## Task item
An exact reproduction of the listing, minus the pictures, is the required output.

## Supplied material
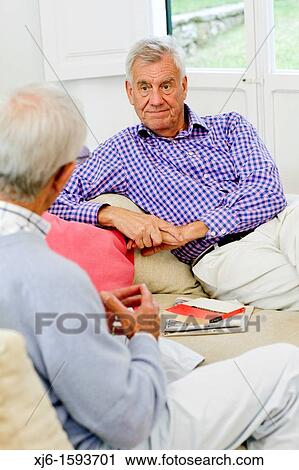 Senior men, chatting View Large Photo Image Stock Image - Senior men, chatting. Fotosearch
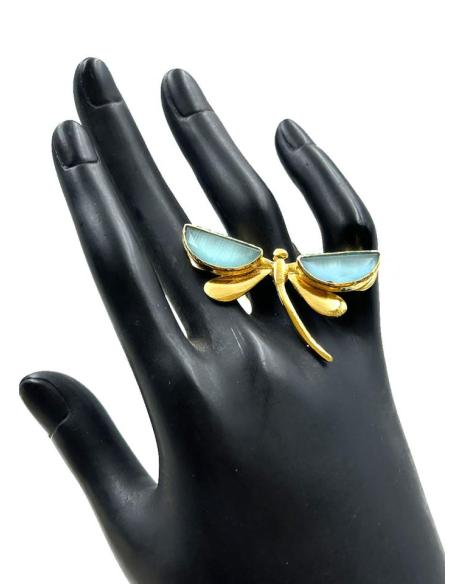 ANILLOS DORADOS DE LIBELULA CON PIEDRAS NATURALES AZUL CLARO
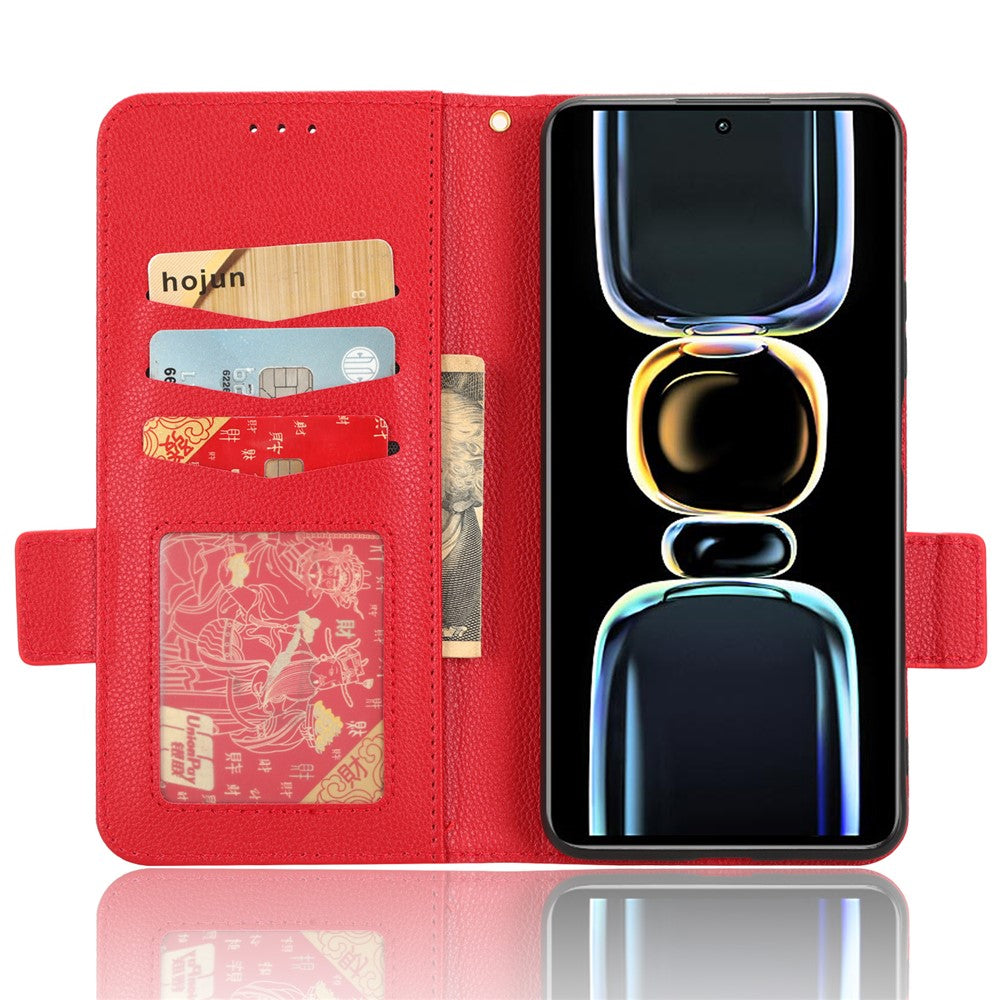 Xiaomi Redmi K60E 5G Reptåligt Litchi Textur mobilskal PU Läder + TPU Plånboksfodral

## Finished task
 Senior men, chatting View Large Photo Image Stock Image - Senior men, chatting. Fotosearch
 ANILLOS DORADOS DE LIBELULA CON PIEDRAS NATURALES AZUL CLARO
 Xiaomi Redmi K60E 5G Reptåligt Litchi Textur mobilskal PU Läder + TPU Plånboksfodral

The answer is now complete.